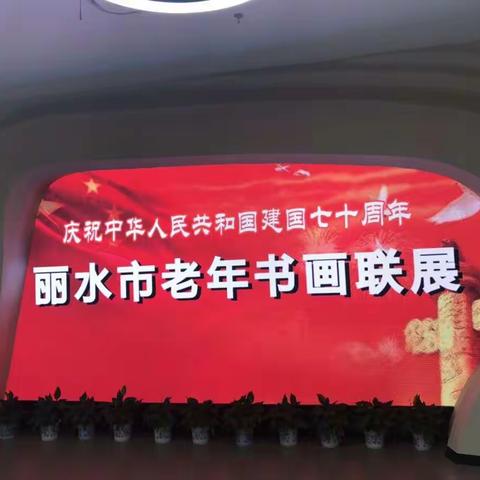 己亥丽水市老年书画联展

---

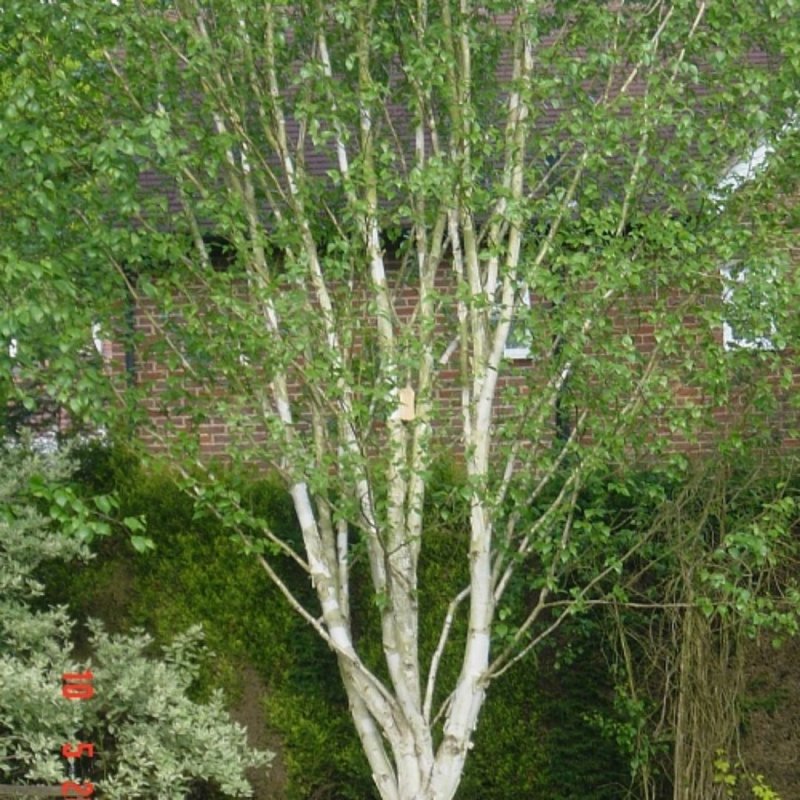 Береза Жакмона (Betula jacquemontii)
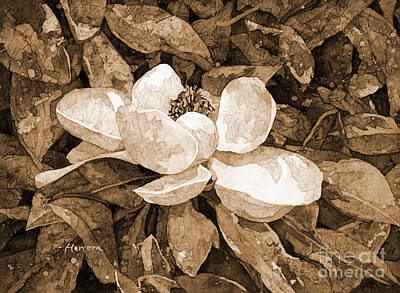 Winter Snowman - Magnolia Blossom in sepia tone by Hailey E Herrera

...

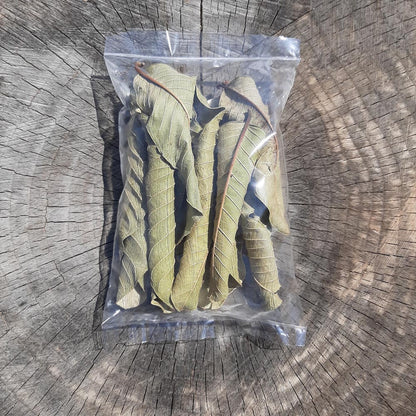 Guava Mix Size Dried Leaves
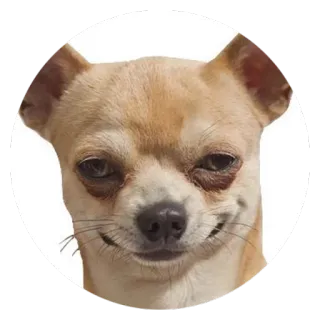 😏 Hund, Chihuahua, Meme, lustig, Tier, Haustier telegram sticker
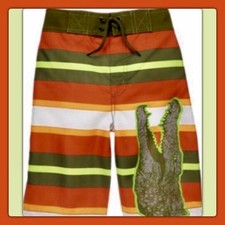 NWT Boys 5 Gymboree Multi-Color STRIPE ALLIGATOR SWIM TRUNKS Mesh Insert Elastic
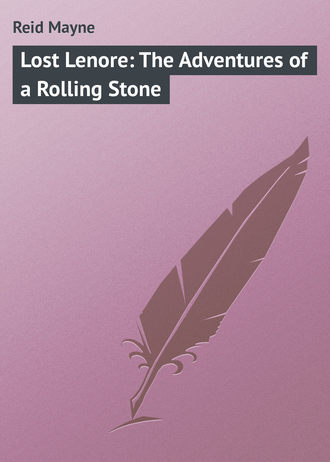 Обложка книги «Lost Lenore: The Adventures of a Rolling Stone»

# [EXERCISE DESCRIPTION]
Reproduce the lines above starting at the one with "Guava Mix Size Dried Leaves" and ending at the one with "Lenore: The Adventures", both included, exactly and with no pictures.

# [RESPONSE TO THIS TASK]
 Guava Mix Size Dried Leaves
 😏 Hund, Chihuahua, Meme, lustig, Tier, Haustier telegram sticker
 NWT Boys 5 Gymboree Multi-Color STRIPE ALLIGATOR SWIM TRUNKS Mesh Insert Elastic
 Обложка книги «Lost Lenore: The Adventures of a Rolling Stone»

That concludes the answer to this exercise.